Reste que l'échec de la fusion est « une profonde déception » pour TF1, de l'aveu de Gilles Pélisson. D'autant que le groupe se bat en ce moment sur un deuxième front : le conflit commercial avec Canal+, qui a arrêté de diffuser ses chaînes.

Quelles conséquences pour Altice ?

Par ricochet, l'échec du mariage TF1-M6 empêche logiquement l'acquisition par Altice des chaînes TFX et 6ter, que les deux groupes voulaient céder pour pouvoir fusionner (la règlementation limitant à sept le nombre de chaînes nationales détenues par un même acteur sur la TNT). En vue de ces rachats, Altice (déjà propriétaire de BFMTV et RMC) s'était engagé à proposer sur ses futures chaînes davantage de programmes inédits.

Ce projet tombe à l'eau, tout comme les débouchés qu'en attendaient nombre de sociétés de production. « Vous pouvez compter sur nous pour avoir plein d'autres idées si jamais ça ne se fait pas », avait sobrement commenté Arthur Dreyfuss, PDG d'Altice Médias, début septembre lors de la conférence de rentrée du groupe.

Quelles perspectives pour l'audiovisuel français ?

Bouygues/TF1 et RTL Group/M6 ont annoncé le 16 septembre renoncer à la fusion à cause des concessions réclamées par l'Autorité de la concurrence.

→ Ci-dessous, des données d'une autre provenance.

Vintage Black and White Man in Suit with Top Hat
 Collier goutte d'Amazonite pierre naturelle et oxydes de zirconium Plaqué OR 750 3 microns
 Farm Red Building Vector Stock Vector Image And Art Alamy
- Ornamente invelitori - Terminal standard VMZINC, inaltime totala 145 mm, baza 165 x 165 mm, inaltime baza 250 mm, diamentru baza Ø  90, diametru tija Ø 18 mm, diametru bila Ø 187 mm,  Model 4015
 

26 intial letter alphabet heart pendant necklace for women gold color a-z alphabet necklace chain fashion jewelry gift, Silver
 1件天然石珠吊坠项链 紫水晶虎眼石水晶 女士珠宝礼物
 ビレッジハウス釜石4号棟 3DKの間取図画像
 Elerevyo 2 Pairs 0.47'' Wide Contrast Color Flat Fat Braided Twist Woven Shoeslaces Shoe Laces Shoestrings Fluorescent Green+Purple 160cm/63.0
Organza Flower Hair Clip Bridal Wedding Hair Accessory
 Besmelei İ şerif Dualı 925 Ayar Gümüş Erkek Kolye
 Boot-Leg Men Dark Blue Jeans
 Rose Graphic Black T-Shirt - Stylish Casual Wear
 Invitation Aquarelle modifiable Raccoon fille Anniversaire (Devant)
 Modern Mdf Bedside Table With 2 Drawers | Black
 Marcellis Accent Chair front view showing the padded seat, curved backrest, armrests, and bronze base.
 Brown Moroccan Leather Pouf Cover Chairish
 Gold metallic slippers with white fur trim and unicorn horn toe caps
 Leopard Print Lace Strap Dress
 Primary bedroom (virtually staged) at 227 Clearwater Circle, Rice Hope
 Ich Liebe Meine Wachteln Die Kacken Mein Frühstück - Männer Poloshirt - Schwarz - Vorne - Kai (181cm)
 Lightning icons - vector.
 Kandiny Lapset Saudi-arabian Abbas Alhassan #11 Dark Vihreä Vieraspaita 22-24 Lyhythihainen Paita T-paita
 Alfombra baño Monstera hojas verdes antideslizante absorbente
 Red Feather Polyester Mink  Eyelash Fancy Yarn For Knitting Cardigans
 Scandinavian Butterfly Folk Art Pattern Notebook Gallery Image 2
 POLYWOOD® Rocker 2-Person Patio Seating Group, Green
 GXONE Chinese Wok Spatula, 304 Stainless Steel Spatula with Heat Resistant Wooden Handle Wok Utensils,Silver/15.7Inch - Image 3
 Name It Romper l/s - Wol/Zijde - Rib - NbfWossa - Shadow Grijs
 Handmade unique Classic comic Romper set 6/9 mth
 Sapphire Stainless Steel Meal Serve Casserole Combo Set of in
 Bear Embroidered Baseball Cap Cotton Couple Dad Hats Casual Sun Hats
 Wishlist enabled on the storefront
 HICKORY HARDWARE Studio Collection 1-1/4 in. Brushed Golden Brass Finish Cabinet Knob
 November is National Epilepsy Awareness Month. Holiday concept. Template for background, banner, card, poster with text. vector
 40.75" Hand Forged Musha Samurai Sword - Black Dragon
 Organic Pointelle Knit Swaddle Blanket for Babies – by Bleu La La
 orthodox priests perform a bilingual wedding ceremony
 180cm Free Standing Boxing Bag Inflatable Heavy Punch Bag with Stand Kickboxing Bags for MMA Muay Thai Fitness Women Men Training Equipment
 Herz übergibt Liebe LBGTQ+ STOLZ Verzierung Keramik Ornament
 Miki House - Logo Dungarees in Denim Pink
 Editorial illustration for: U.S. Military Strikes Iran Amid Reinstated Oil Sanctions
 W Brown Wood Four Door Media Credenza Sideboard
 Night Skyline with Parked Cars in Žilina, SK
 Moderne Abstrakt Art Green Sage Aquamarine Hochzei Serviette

Celle-ci subordonnait son feu vert à la cession de TF1 ou M6 à un autre acteur, pour éviter la création d'un mastodonte qui aurait selon elle faussé le marché de la publicité.

Une position que les parties ont déplorée en estimant que la fusion était la réponse idéale à « la concurrence accélérée avec les plateformes internationales » comme Netflix ou Amazon. « Dans leur configuration actuelle, les groupes français sont condamnés à rester des nains face aux plateformes américaines, au niveau de la production des programmes et surtout de la capacité à les exploiter à l'étranger », dit Philippe Bailly à l'AFP.